The Video Game History Foundation, in partnership with the Software Preservation Network, has conducted the first ever study on the commercial availability of classic video games, and the results are bleak. 87% of classic video games released in the United States are critically endangered.
This confirms something all of us already suspected or knew: the vast majority of classic games are simply not available in any legal way, shape, or form. If it wasn’t for the emulation and preservation scene, many of these games would face certain oblivion in the near future.
It’s high time some changes are made to intellectual property law to make software and game preservation legal.
If it wasn’t for the emulation scene, even the small amount of “official” emulation wouldn’t be happening, eg. it is well known that Nintendo’s NES Classics series for GBA uses the PocketNES emulator, as Nintendo were too lazy or incompetent to write their own.
Either that, or it shows that free software works.
If the PocketNES emulator is good enough for Nintendo itself, why would they waste resources making another one?
It’s a small win, but archive.org did get an exception for old console games:
https://www.reddit.com/r/emulation/comments/4kukq1/is_it_legal_to_download_roms_from_archiveorg/
Which means you can download old PS1 ISOs from archive.org.

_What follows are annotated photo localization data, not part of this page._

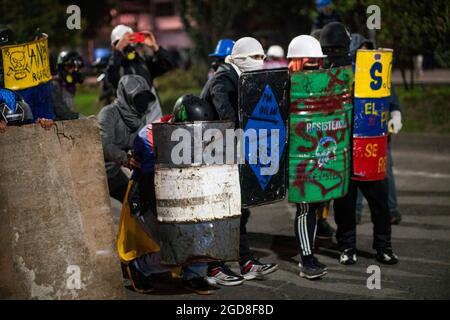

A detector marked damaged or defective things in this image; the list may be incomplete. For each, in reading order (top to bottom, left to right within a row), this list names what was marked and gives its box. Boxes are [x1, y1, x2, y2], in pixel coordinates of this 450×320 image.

rusty metal barrel [152, 120, 243, 264]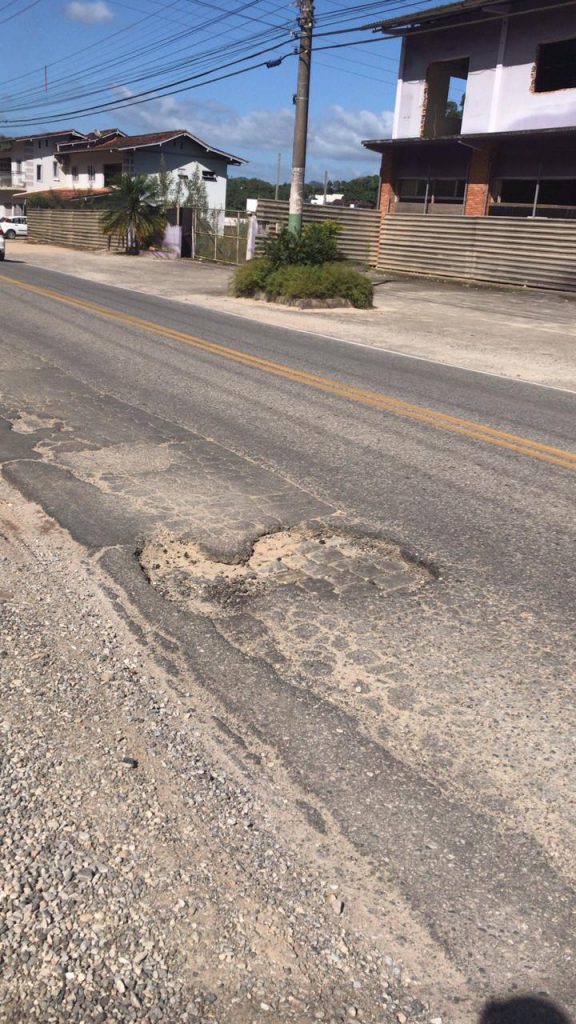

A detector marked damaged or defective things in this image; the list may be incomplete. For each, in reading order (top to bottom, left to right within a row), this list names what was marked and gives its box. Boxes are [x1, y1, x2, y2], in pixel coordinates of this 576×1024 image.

large pothole in asphalt [139, 524, 432, 610]
pothole [139, 524, 432, 610]
cracked asphalt [0, 258, 569, 1024]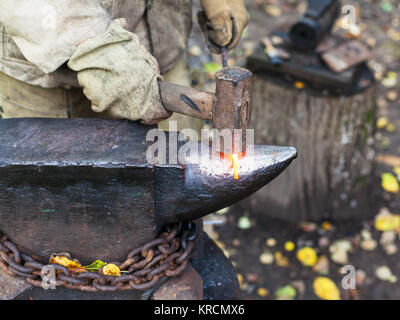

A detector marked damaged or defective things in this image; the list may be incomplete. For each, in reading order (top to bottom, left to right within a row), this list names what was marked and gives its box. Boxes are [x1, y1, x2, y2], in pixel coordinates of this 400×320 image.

For PC games, you are on your own.
BTW this study confirms my hunch: GOG only has a small subset of classic games, even the popular ones. First of all, the “racing” category in GOG is mostly empty because most racing games are stuck in licensing hell due to issues with trademarks and music, and then there are major gaps in other genres too. IMO games targeting Windows 98SE and earlier or using secdrv.sys should be given the same exception in archive.org as console ISOs and ROMs.
Another big problem is loss of DLC and downloadable games. For example, I legally bought Test Drive Unlimited 2 and not only didn’t it fail to work even on Windows 8.1 with secdrv enabled (due to dead online DRM), but there was no way to get to the DLC unless you pirated it (which I did).
Also, Asphalt 5 on Android is completely lost (it was sold outside the Play Store), and so are most Windows Mobile and Symbian S60 games. I have a purchased Asphalt 5 apk but doesn’t work even on the phone it was bought from.
Anyone wanna bet that some decades from now we’ll look at “lost downloadable content” like we look at Georges Méliès films nowadays? And yet again, the pirates will rescue some of those historically important works. For example, I have the Asphalt 1-4 games for Symbian S60v2 as pirate .sis installers (which are historically important as the first “real” racing games for smartphones), but good luck finding any of them in any official sources today.